10-01-2025
Grönland, Trump und die historische Verantwortung Dänemarks
Der erneute Vorstoß des kommenden amerikanischen Präsidenten, Grönland solle ein Teil der USA werden, setzt Dänemark unter Druck. Dänemark muss sich jetzt mit der eigenen Kolonialgeschichte auseinandersetzen, meint Jan Diedrichsen.
Von Jan Diedrichsen
Es ist nicht allein Theaterdonner, wenn Donald Trump auf Nachfrage den Einsatz von Waffengewalt bei der Übernahme Grönlands nicht ausschließt – es ist ernst zu nehmen. Es ist zwar nicht sehr wahrscheinlich, dass ein NATO-Mitglied ein anderes wegen Territorien angreift – aber in dieser neuen Weltordnung, in der zunehmend das Recht des Stärkeren gilt, darf auch das eigentlich Undenkbare nicht mehr ausgeschlossen werden.
Der russische Angriffskrieg gegen die Ukraine hat gezeigt, wie schnell geopolitische Tabus fallen können. Nun scheinen die USA unter Trump einen ähnlichen Weg einzuschlagen. Und gerade Dänemark, das sich – auch wegen der strategischen Rolle Grönlands in der Arktis – traditionell eng an Washington orientiert, muss sich dieser neuen Realität stellen.
Doch dieser geopolitische Druck trifft Dänemark an einer Stelle, die tiefer geht als nur strategische Interessen. Grönland ist nicht nur ein autonomes Territorium mit wertvollen Rohstoffen und einer strategisch günstigen Lage – es ist auch ein Ort, an dem die Narben der dänischen Kolonialgeschichte bis heute spürbar sind.
Walter Turnowskys Bericht auf „voices“ beleuchtet, wie Dänemarks Selbstbild als “gute Kolonialmacht” in Grönland zunehmend bröckelt. Historische Übergriffe wie das sogenannte Kinderexperiment, bei dem grönländische Kinder ihren Familien entrissen und nach Dänemark gebracht wurden, um aus ihnen „kleine Däninnen und Dänen“ zu machen, haben sich tief in das kollektive Gedächtnis Grönlands eingebrannt. Diese und andere Maßnahmen führten bei den Betroffenen zu Entfremdung, Entwurzelung und Identitätskonflikten.
Gegenwärtig erleben wir in Grönland Demonstrationen in Städten wie Nuuk, Ilulissat und Aasiaat, aber auch in Kopenhagen und anderen Städten, die auf die anhaltende kulturelle Diskriminierung und die häufige Trennung grönländischer Kinder von ihren Eltern durch die dänischen Behörden aufmerksam machen. Diese Proteste unterstreichen die wachsende Kluft zwischen Dänemark und Grönland und die dringende Notwendigkeit einer ehrlichen Aufarbeitung der gemeinsamen Geschichte.

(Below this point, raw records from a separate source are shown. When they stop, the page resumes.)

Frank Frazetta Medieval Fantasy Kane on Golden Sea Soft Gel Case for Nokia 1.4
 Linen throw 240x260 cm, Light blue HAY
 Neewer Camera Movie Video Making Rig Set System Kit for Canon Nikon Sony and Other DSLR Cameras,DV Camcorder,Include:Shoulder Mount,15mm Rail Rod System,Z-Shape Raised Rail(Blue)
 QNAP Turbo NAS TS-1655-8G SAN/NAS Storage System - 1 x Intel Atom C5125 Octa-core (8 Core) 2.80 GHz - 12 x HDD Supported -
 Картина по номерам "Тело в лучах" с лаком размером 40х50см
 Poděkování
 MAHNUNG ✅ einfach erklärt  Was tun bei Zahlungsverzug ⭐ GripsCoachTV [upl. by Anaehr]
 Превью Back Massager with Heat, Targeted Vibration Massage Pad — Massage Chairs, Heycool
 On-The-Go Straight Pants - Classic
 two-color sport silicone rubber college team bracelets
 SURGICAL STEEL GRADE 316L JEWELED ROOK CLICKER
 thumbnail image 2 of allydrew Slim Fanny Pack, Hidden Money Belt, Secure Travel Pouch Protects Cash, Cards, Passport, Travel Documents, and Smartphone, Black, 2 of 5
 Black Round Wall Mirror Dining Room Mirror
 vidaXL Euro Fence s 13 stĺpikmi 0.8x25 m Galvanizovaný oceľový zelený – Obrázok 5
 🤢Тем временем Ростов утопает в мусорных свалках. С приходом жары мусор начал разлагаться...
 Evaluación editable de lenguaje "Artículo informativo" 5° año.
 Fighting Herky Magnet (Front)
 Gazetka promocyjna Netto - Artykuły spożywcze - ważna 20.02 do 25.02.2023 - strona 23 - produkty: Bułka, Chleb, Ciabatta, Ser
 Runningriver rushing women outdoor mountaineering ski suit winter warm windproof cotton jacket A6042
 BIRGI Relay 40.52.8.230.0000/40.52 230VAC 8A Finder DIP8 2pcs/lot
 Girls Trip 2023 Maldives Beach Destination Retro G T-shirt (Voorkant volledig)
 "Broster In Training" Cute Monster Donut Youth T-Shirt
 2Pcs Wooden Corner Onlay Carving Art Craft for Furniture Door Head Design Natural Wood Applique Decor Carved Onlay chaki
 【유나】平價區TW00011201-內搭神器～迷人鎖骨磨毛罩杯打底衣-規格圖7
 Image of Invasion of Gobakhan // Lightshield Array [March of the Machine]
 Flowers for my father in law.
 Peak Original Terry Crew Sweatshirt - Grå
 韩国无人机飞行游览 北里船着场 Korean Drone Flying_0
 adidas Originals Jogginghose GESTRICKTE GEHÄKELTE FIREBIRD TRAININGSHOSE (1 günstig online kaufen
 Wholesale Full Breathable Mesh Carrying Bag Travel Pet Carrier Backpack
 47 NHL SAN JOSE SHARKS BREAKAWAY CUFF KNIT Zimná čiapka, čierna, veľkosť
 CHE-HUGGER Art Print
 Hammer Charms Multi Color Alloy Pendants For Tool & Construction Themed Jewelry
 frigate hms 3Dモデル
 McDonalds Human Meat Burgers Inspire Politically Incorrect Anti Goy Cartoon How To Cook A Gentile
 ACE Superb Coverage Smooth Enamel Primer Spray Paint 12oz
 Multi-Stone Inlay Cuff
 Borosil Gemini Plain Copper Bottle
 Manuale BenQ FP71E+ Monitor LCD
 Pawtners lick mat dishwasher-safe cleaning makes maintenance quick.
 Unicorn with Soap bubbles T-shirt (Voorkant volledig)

Inmitten dieser Spannungen erneuert Trump sein Interesse an Grönland und heizt damit die Debatte um die Unabhängigkeit der Insel weiter an. Der grönländische Ministerpräsident Múte B. Egede betont, dass die Insel nicht zum Verkauf stehe und die Zukunft Grönlands von den Bewohnern selbst bestimmt werden müsse. Dennoch bleibt die wirtschaftliche Abhängigkeit von Dänemark ein zentrales Thema, und die Aussicht auf Unabhängigkeit wirft Fragen nach der wirtschaftlichen und politischen Stabilität auf.
Dänemark darf sich nicht der Illusion hingeben, diese Situation einfach aussitzen zu können. Es braucht eine ehrliche Auseinandersetzung mit der eigenen Kolonialgeschichte. Vorbild könnten die Wahrheits- und Versöhnungskommissionen sein, die in Norwegen, Schweden und Finnland die Verbrechen an den Samen untersucht haben. Solche Prozesse schaffen nicht nur Gerechtigkeit für die Betroffenen, sondern stärken langfristig den Zusammenhalt in einem gemeinsamen Staatsgebilde.
Die dänische Staatsministerin Mette Frederiksen (Soz.) hat mit ihrer Entschuldigung für die historischen Übergriffe bereits Schritte in diese Richtung unternommen. Aber Worte allein reichen nicht aus. Es braucht konkrete Taten und eine verstärkte Zusammenarbeit mit Grönland, um Vertrauen wieder aufzubauen und eine gemeinsame Zukunft zu gestalten.
Denn eines ist klar: Nur ein selbstbewusstes, historisch anerkanntes Grönland kann der Versuchung widerstehen, sich als geopolitisches Faustpfand missbrauchen zu lassen. Die Lösung kann nur eine engere und gerechtere europäische Zusammenarbeit sein – und nicht das Preisschild, das Trump der Insel so gerne anheften würde.